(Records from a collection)
• • • • • • •
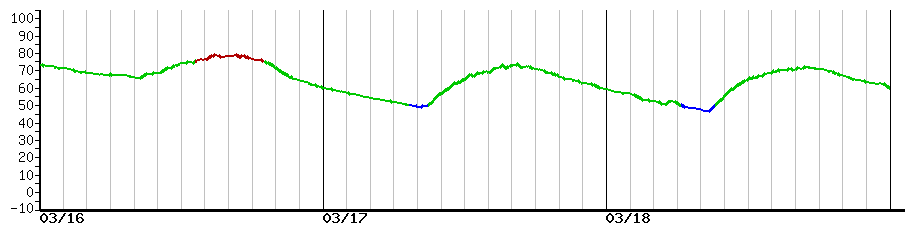 image graph
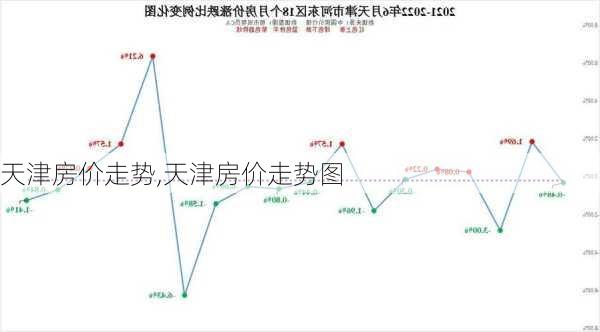 天津房价走势,天津房价走势图-第2张图片-小艾出游网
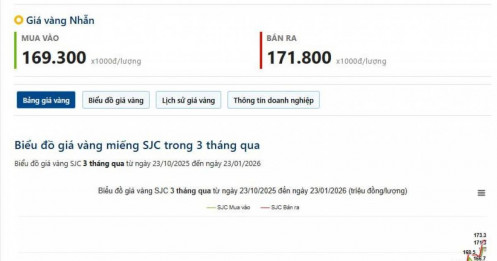 Xu hướng còn đó, chưa cần hành động (23/1/2026)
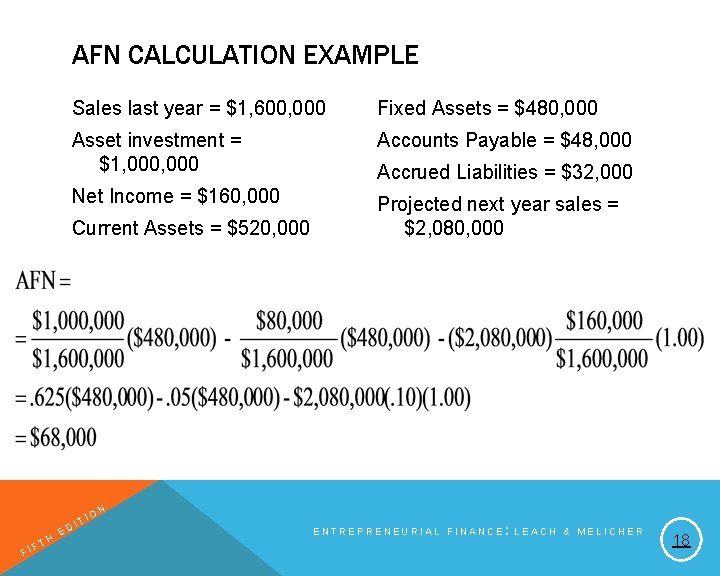 AFN CALCULATION EXAMPLE Sales last year = $1, 600, 000 Fixed Assets = $480,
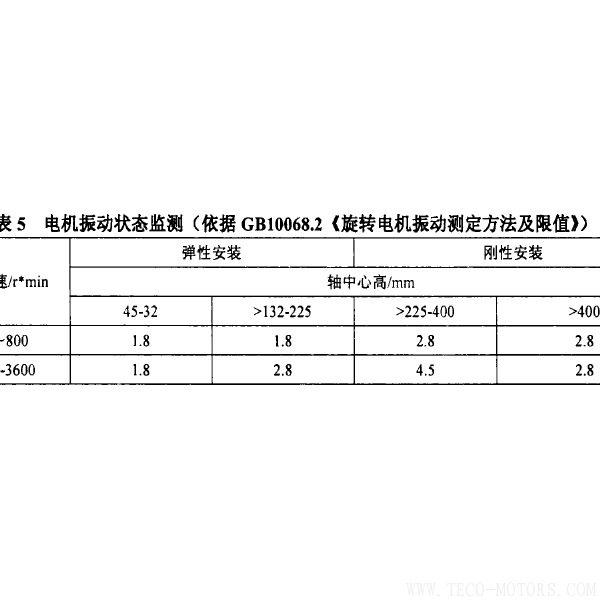 防爆電機抱軸故障的原因及預防 - TECO東元電機 | 變頻器·伺服電機·減速機·電機解決方案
• • • • • • •
> **What to produce**: Repeat the lines exactly, starting with the line that contains "AFN CALCULATION EXAMPLE" and ending with the last line of the entries. Keep both of those lines but no pictures.

> **Response box**:
 AFN CALCULATION EXAMPLE Sales last year = $1, 600, 000 Fixed Assets = $480,
 防爆電機抱軸故障的原因及預防 - TECO東元電機 | 變頻器·伺服電機·減速機·電機解決方案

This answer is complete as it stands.